Closer to home, ExxonMobile's decision to give up its Nova Scotia offshore operations (see page 4) takes a bankrupt provincial government and throws it in the inescapable dungeon of a debtor's prison. We've been a have-not province; we're now a never-will-have province.

The rational response to all this would be panic, followed by a rushed triage, throwing the few resources we have at strategies that might be of some use in extended hard times: developing local renewable energy and food systems, strengthening the social safety net. But as we're not a rational society, we pretend nothing's happening. Half the public service is on vacation, "out of office" automated email responses overloading the government servers.

And so the biggest controversy of the summer is not Oh my fucking god! Do we build more windmills or use the money instead to build a train line out to the valley agriculture land? but rather: Do we dump $100 million, or $170 million, or $100GodKnowsWhat into a downtown convention centre?

The debate continues apace, with both sides kicking the can down the road a piece. Pro-convention centre business cases are trotted out by supporters, than taken apart by detractors. Opinion polls are read one way by one side, another way by the other. Historic preservationists are derided by Chronicle-Herald editor Dan Leger as a "band of unelected, unaccountable activists determined to impose their vision on the capital city," while the unelected, unaccountable backslappers and bullshitters cluttering up the corporate offices of Trade Centre Limited who are likewise determined to impose their vision on the capital city, and who are more than a little self-interested financially besides, are held to a different standard. But never mind that; downtown business people need help, dammit, so they demand a convention centre.

Which is all well and good, except downtown business people's priorities are all wrong. In a collapsed economy, the struggle won't be getting people from Houston or Vancouver to come to downtown Halifax---Houstonians and Vancouverites will be staying home, dodging the repo man and tending their Defeat Gardens. Rather, the struggle will be to get people from Bedford and Cole Harbour to come to downtown Halifax.

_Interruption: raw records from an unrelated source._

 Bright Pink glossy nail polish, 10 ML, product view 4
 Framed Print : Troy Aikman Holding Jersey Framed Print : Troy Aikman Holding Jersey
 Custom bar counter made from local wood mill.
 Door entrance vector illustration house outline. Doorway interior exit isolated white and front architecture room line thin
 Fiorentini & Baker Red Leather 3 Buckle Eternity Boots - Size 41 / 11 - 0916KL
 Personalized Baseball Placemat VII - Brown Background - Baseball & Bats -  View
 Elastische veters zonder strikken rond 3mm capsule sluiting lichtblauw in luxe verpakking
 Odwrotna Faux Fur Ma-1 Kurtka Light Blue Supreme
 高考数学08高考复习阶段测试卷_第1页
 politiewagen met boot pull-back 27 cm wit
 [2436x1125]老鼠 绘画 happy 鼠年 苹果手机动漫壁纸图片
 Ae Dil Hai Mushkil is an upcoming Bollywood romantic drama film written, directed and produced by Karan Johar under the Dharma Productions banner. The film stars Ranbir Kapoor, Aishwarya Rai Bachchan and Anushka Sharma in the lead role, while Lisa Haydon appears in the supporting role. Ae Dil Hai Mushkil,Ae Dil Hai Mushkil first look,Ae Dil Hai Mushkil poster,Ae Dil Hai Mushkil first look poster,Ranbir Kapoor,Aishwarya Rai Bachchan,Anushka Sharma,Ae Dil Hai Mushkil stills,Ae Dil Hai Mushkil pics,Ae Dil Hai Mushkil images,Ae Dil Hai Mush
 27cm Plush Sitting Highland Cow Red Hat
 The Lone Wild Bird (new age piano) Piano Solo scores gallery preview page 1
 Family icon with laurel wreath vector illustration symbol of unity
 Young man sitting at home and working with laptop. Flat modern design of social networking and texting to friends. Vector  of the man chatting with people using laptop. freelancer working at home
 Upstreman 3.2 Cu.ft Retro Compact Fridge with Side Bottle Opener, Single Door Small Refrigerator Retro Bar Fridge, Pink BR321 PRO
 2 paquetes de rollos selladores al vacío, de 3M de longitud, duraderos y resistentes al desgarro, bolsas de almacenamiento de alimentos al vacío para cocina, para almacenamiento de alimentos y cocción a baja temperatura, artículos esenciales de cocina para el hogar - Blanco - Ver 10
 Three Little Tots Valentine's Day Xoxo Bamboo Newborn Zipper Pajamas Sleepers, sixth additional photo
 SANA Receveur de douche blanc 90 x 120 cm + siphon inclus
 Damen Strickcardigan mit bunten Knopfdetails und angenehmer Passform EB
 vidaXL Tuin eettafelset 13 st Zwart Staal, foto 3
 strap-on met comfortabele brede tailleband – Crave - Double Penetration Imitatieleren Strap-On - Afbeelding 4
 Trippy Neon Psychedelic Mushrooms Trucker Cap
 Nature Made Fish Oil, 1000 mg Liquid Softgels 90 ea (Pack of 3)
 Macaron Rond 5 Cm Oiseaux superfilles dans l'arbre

This spring, Halifax council voted 22 to one to expand both the Burnside and Bayers Lake business parks, providing government-subsidized and cheap office space alternatives to downtown. Downtown businesses didn't say a word. Only Dawn Sloane noted the effect on downtown, for which she was quickly ignored.

Similarly, the only public body doing anything this summer is the Regional Plan Advisory Committee, which seems determined to recommend that the proposed Birch Cove Lakes-Blue Mountain Wilderness Park instead be clear-cut, filled in and paved over with suburban sprawl.

If built, the thousands of houses in the new 'burbs will pull the rug out from the nascent boom in downtown residential development, doing more to hurt downtown businesses than even the wildest fantasies of four decades' worth of history buffs. To their credit, the presidents of both the Spring Garden Road and Barrington Street business associations have been showing up at the committee's meetings to watch their jobs be undermined by public policy, but otherwise, so far as I know, not a single downtown business owner has uttered a word about the plan to put the suburbs on steroids.

From Wall Street to Barrington Street, the world is changing in frightening ways, and yet Haligonians are whistling into the wind, betting their financial future on valet parking, concierges and PowerPoint presentations in a basement meeting hall.